Ihr 120-jähriges Bestehen feiert die "Sängerlust Stöckach" am 29. Juli mit einem Festabend im Bürgerhaus. "Zu verschönern unser Leben gab der Himmel uns Gesang. Darum lasst ihn hoch erheben, preisen durch des Liedes Klang", lautet der Wahlspruch der Sänger. Doch des "Liedes Klang" ertönt immer seltener, nicht nur im Haßgau, weiß Roland Welz, der Erste Vorsitzende des Vereins.

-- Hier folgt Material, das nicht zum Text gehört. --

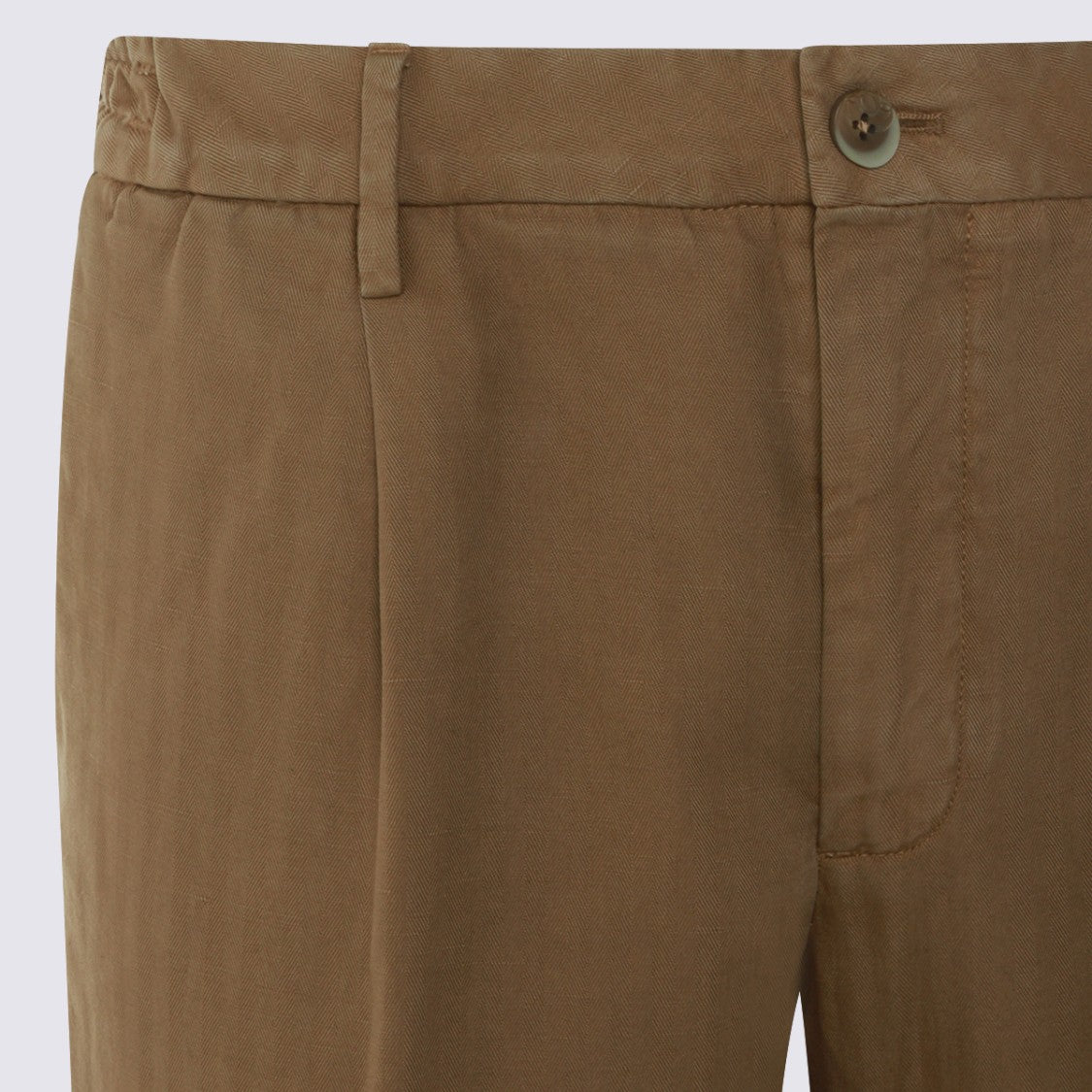 Gta Il Pantalone Tailored Brown Trousers With Pleated Front And Cuffed Hem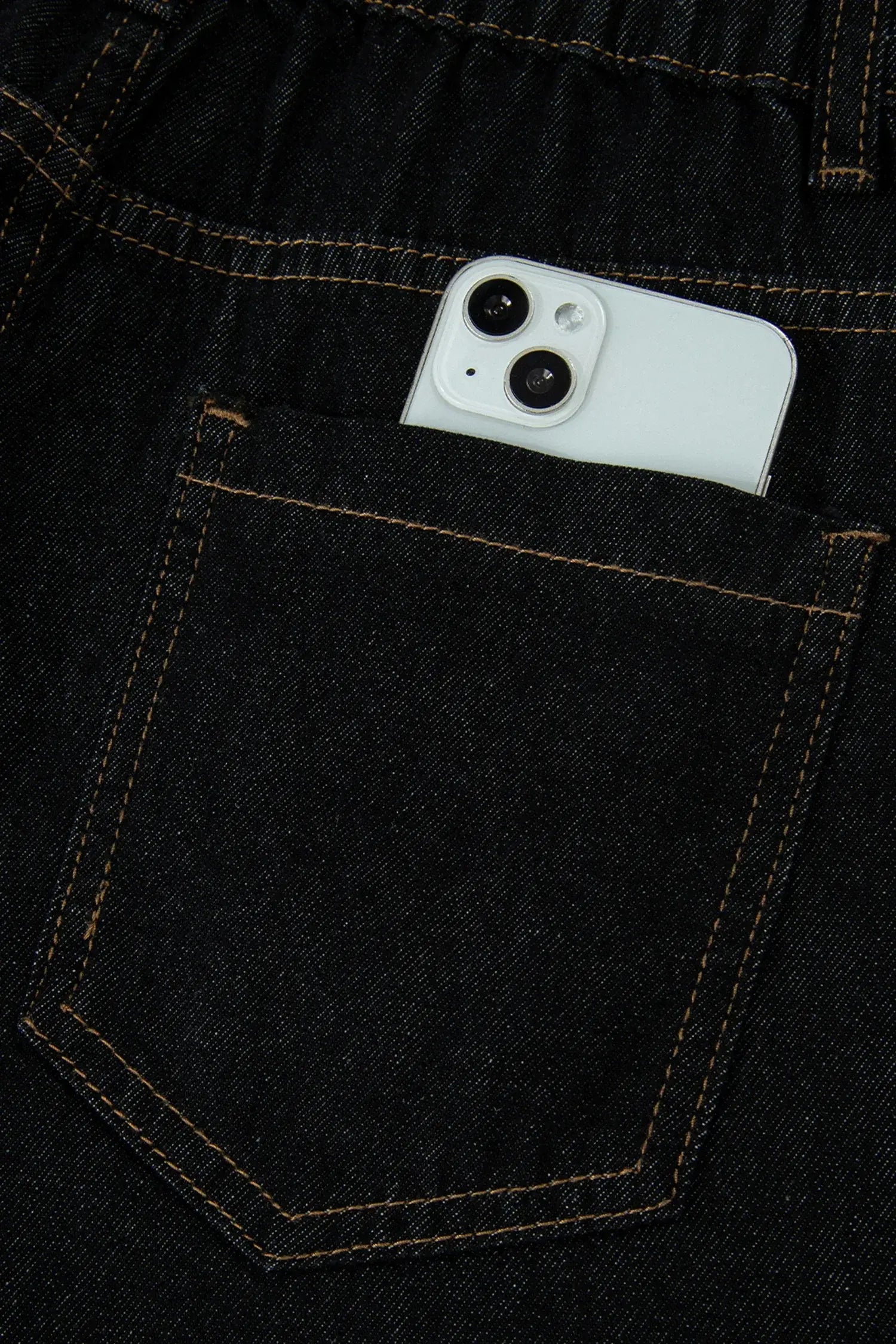 Navy Blue Embroidered Scalloped Trim Relaxed Denim Shorts
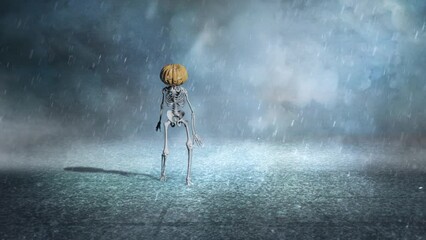 Wall Mural - skeleton with jack o lantern head walk in storm 4k loop features a skeleton with a jack o lantern he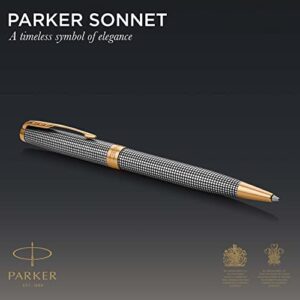 PARKER Sonnet Ballpoint Pen, Chiselled Silver with Gold Trim, Medium Point Black Ink (1931492)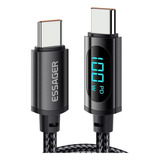 Cable Usb C A C 100w Con Indicador Led Essager Negro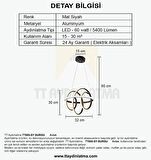 TT005-SY TT Aydınlatma Burgu Modeli ( Sarı Işık Led ) Mat Siyah Led Avize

Nicht nur der "Mutterverein", die Sängergruppe Haßberge, hat sich aufgelöst. Auch in den Gesangvereinen Birkenfeld, Ermershausen, Stadtlauringen und Oberlauringen ist des "Liedes Klang" bereits verstummt. Und in Stöckach gibt es ebenfalls Nachwuchssorgen. Zwölf aktive Sänger zwischen 42 und knapp 80 Jahren zählt die Sängerlust noch. Mehr als doppelt so viele waren es zu den Glanzzeiten des Vereins. "Wenn unser zweiter Bass ausfällt, können wir nicht auftreten", sagt Welz. Einen Austausch mit anderen Vereinen gibt es noch nicht. Dies wäre aus Sicht von Welz wünschenswert. Doch seine Pläne gehen noch darüber hinaus.
Eine neue Plattform
Welz will Gesangsbegeisterten, die beispielsweise in Birkenfeld oder Ermershausen keine Möglichkeit mehr haben, im Chor zu singen, eine neue Plattform bieten, nämlich den "Chor der Haßberge". Der könnte sich an einem zentralen Ort zweimal im Monat zu Proben treffen und bei Festen im Landkreis auftreten. Darüber will er sich am Festabend mit den Sängerinnen und Sängern der eingeladenen Gastvereine unterhalten. Der Festabend sei auch eine Werbung für das Singen und den Verein, sagt Welz. Es gebe neue, junge Familien im Ort, von denen der ein oder andere vielleicht Lust aufs Singen habe. Ein weiteres Highlight im Dorfleben folgt am nächsten Tag, den Sonntag, 30. Juli. Dann steigt das traditionelle Straßenfest. Ab 14 Uhr ist Festbetrieb. Um 15 Uhr spielt die Dorfmusik Stöckach vor dem Bürgerhaus.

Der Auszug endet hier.